How did that affect Kirk as a father to his four sons Joel, Michael, Peter, Eric? He nods sagely. “Of course a hundred years and I think about my father a lot and I realise that my best friends were always women, maybe because my mother was wonderful.” By this I interpret he wanted to be a very different father to the one he endured. “We were poor. We were living in a terrible house. We had nearly nothing and if my mother saw a hobo they would come to the house, knock on the door and while we didn’t have much food, my mother always saved something for them so yes, I was closer to my mother. I called my company Bryna after my mother.” And because of her he always found it easier to become closer to women? In touch with his feminine side? “Yes,” he beams. Even now, slumped in his chair, he’s tough. The least likely man to be in touch with his feminine side, yet somehow he is.  “My mother couldn’t speak English when she first came from Russia.  I remember taking her to New York City in a big limousine for a premiere. I said Ma, you see, America is a wonderful land.”  Did it make her happy to be in the limo with you? He says, “She never expressed it but I know she was.” Neither of his parents were good at expressing love, were they? “Well, it was so difficult to live.”

For many years Kirk blamed himself for his youngest son Eric’s lonely death from a drugs overdose at 45.  Eric was always the crazy one. Even as a child he had anger issues. He was a talented actor and in later years a stand-up comedian. I saw his act at the Edinburgh festival. It was based on jokes about his father and his more famous brother Michael. Kirk for years agonised over it and wondered if it was because he wasn’t there enough or because he thought he was too big an act to follow.  Eric had been addicted to drugs and his parents had paid for many rehabs and sober buddies. They tried to get him involved in forming a facility to help others. Eric was too far gone for that.

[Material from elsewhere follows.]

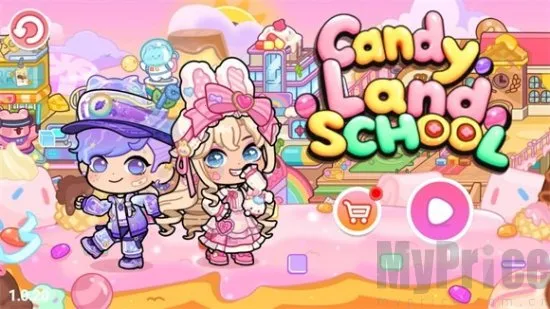 糖果校园2026官方正版 糖果校园2026官方正版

I remember interviewing him after his show in Edinburgh attended by about 25 people. Glad of the attention he followed me back to my hotel and shouted outside the window all night for me to come out. I didn’t. A year later he was dead.  Eric Douglas was 46 when he was found in his New York apartment dead for an overdose.  He had gone into rehab a month before with renewed efforts at sobriety

Kirk and Anne used to visit his grave twice a week. They did that for as long as they could easily walk.

Anne who is strong and clever and self-controlled was inconsolable.  So many other dramatic events informed her life.

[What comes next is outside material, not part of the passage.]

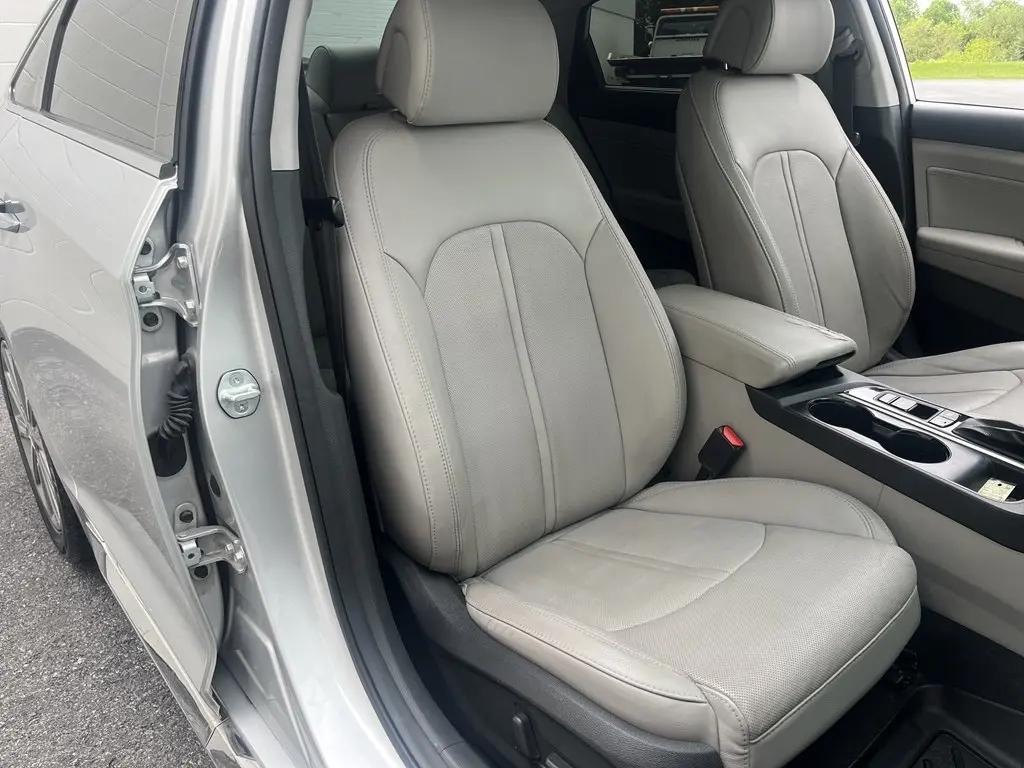 used 2016 Hyundai Sonata car, priced at $11,997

She was born in Germany around 1930. She doesn’t give her exact age. As a little girl she was extremely close to her father. “My parents were not too great together. My mother was a beautiful women and we always had a governess.  My mother was away a lot.  She got the best dresses, the best cars. We had a big silk manufacturing place and my father had a sales lady there that he wanted me to become friends with, so we formed a close friendship. My parents divorced. I had an extremely close relationship with my father. We told each other everything. At night before I went to bed I would write to him in a little blue book and he would write the reply. One day he said, ‘I’m going on a short business trip.’ I trusted him and relied on him. When he came back I ran downstairs to meet him and he was with my friend the sales agent and he said ‘This is your new mother.’ I cried my eyes out. He betrayed me. I started work very young and went to live in Berlin where my mother was. She continued her deluxe life and I had a little divan in her dressing room and got a job in a doctor’s office.”  Then she went to work in Belgium and ended up in Paris Hitler had invaded.

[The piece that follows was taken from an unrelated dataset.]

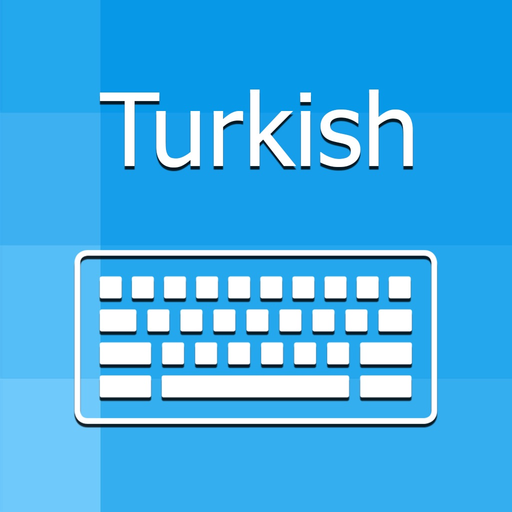 Turkish Keyboard - Translator app icon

“I was working by putting German subtitles on French movies because I spoke three languages. It was very tedious. It looked like I was writing in code and my maid gave my translation sheet to the Nazis so at 5am they picked me up and arrested me. It was difficult to explain to them what I was doing but eventually they let me go.” She must have been terrified. “That was an understatement. I was brought up during the regime of a dictator and a persecutor and now I feel that years later in America, Donald Trump is a dictator and it scares me. People should have lived in Germany where they thought that Hitler was OK. They said, oh he wasn’t too bad.  They thought he wasn’t really doing what he was doing. People thought that Hitler was a buffoon and people should realise that Donald Trump is a dictator! It scares me. She speaks with certainty and passion. At whatever age she is, you can tell she was never anybody’s fool.  The couple look at each other throughout, checking.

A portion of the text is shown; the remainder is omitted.